In the near future, U.S. Secretary of State Anthony Blinken will name someone to be appointed on behalf of America to deal with other Arctic countries, indigenous groups and other stakeholders. Vedant Patel, a spokesman for the United States Department of Foreign Affairs, said.
“The Arctic region, which is peaceful, stable, prosperous and suitable for cooperation, is of critical strategic importance to the United States and is a priority for Secretary Blinken,” Patel said.

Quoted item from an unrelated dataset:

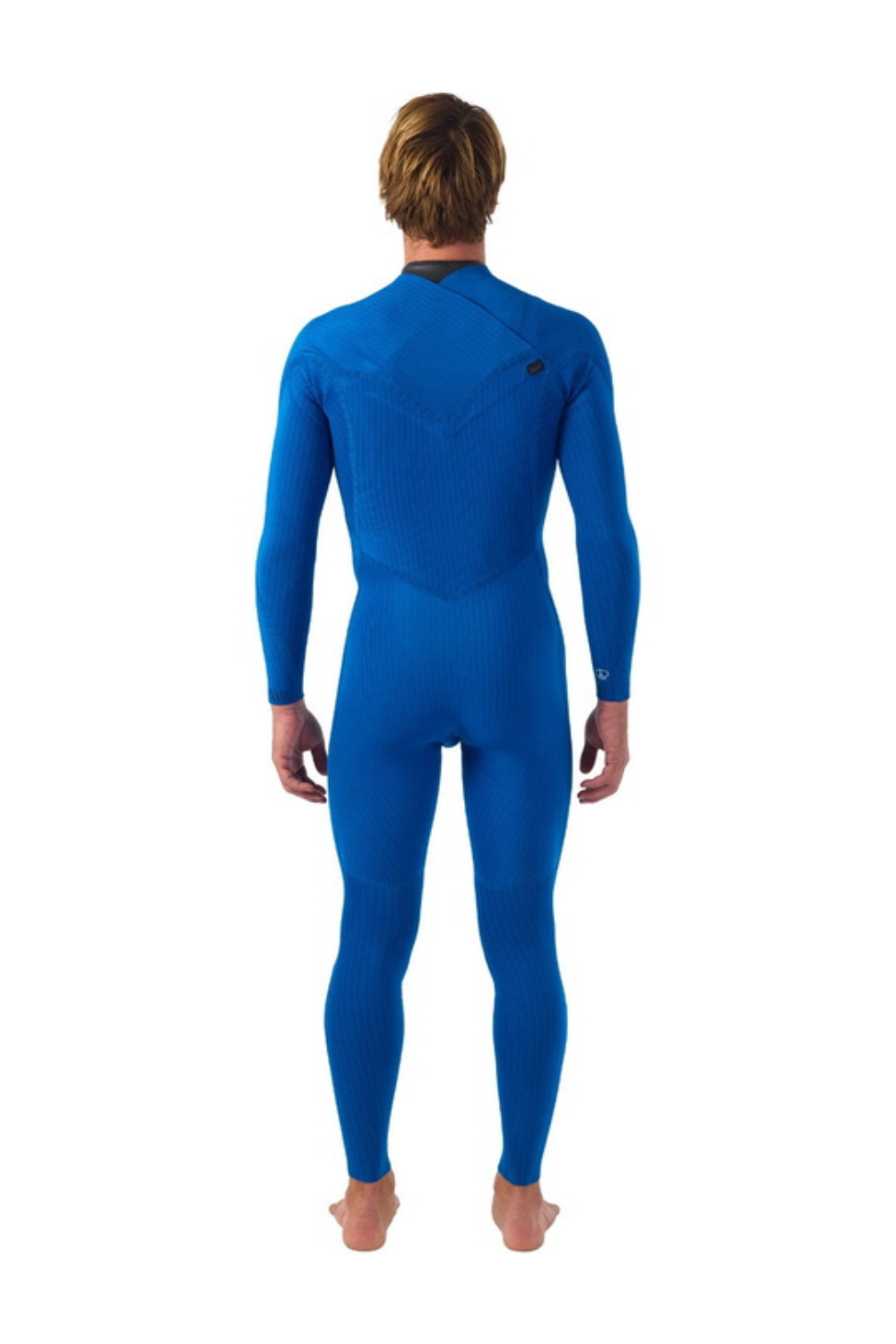 O'Neill Hyperfreak 3/2+ Mens Wetsuit Chest Zip Raven/Army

The results of global warming are spreading across the Arctic far more widely than in other parts of the planet, raising the possibility that impassable waterways will one day open, free of ice, to both commercial and military vessels.
Russia is already increasing its presence near the North Pole, using both submarines and combat aircraft, while China is building research stations in the Arctic, in what many experts see as a “prelude” to a larger Chinese presence in the region.
At last year’s Arctic Council meeting in Iceland, Anthony Blinken said that the region’s countries were “responsible” for ensuring “peaceful cooperation” in the Arctic.
The announcement of the new U.S. special commissioner came as negotiations on Arctic issues began in Greenland.
Earlier this year, seven of the eight Arctic Council countries suspended their participation in the organization because the chairmanship periodically (alternately) falls to Russia. The move by the seven countries of the Council was an expression of ostracism toward Russia because of the Western countries’ aversion to the Russian invasion of Ukraine.
The position of Ambassador-at-Large will replace that of U.S. Arctic coordinator, held by career diplomat Jim DeHart.